That said, during preliminary rule-making, which includes draft rules and related questions issued by FSOC on October 11, 2011 and the subsequent comment period for industry participants (ending on January 13, 2012), I have not been able to detect—sitting outside the lobbying process—any truly defining cases of gaming behavior that fundamentally subverts the intent of the statute, as opposed to good faith (and persistent) efforts to achieve clarity and ease-of-implementation in the final regulations.

For example, all of dozens of comment letters that I reviewed from the largest banking institutions and industry associations to the FSOC in January 2012 addressed specific regulatory questions regarding prohibitions or exclusions related to trading, market-making, and hedge fund investing in a substantive, largely technical manner. While most of these respondents were not supporters of the Dodd-Frank Act (although not totally adverse to some sort of financial reform), opinions and recommendations were typically substantiated by systematic analysis of financial function and supporting processes. In my review of invited comment letters, I detected no gross misrepresentations of fact or mischaracterizations of banking processes, although there was certainly room for substantial differences of opinion over the costs, benefits, and challenges of prohibiting certain trading functions under the proprietary trading restriction.
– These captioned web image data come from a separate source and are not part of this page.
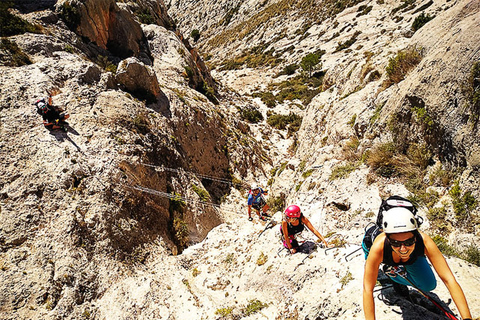 Villena: Vía Ferrata Guiada de Medio Día Sierra de la Villa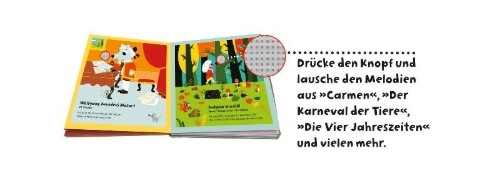 Buchcover und Innenansicht für das Buch: Musique maestro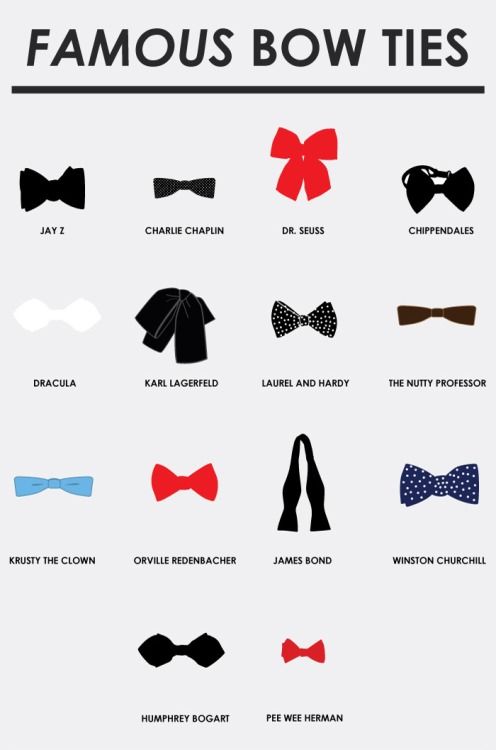 bow tie #infographic Tarot Fashion, Different Types Of Ties, Tie A Bow Tie, Types Of Ties, Fashion Infographic, Types Of Bows, Dapper Outfit, Mens Neckwear, Character Prompts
Of course, in preparing public letters of this sort there are no conceivable gains to be had from overtly self-interested, unsubstantiated arguments on the part of banks targeted for re-regulation. For this reason, we should not rush to any judgments about this laudable straightforwardness. Beneath this surface of comity and technical debate, and outside my field of vision, it is possible — and even likely — that a battle royal is being fought over the crafting of regulations in ways that would enable banks to lawfully sidestep some of the prohibitions or even subvert the intent of the Volcker Rule in the future. Indeed, the large amount of money being spent on lobbying by banking interests has hardly declined as the Dodd-Frank Act has moved from the legislative phase to the current regulatory rule-making phase. And given the significant financial stakes involved for large banks, we know that there are many incentives for banks to figure out ways of side-stepping prohibitions against proprietary trading by claiming such trading to be part and parcel of such permitted trading activities as market-making, hedging, or other customer-initiated transactions.

This gaming potential was clearly acknowledged in the January 2011 report by FSOC on proprietary trading. This report minced few words in acknowledging and describing the various ways in which banks could mask prohibited proprietary trading as market-making or risk-mitigating activities, thereby gaming the essential purposes of the Volcker Rule. In the same vein, U.S. Senator Jeff Merkley, the Oregon Democrat who with Senator Carl Levin, a Michigan Democrat, put the Volcker Rule into Dodd-Frank complained to Bloomberg in response to industry claims that the new proprietary trading rule would choke off liquidity in the markets, “The banks are using every strategy they possibly can to ‘confuse the issue’.”


What the Record Reveals

As far as predicting future gaming and circumvention is concerned, many opportunities exist. First, many regulations (and prohibitions) have yet to be written, inviting the normal sparring over substantive restrictions and language. Second, great uncertainty exists about whether or not the intent of financial reform can actually be adequately protected by the regulatory regime put in place by the legislative authors of the Dodd-Frank bill. This regime puts the onus of compliance on the banking entities themselves (a costly and complicated function requiring breakthrough methodologies). It also requires relevant government agencies to conduct robust oversight and enforcement (also costly and involving dispersed regulatory authority). The effectiveness of this regime will only be revealed in the coming months and years.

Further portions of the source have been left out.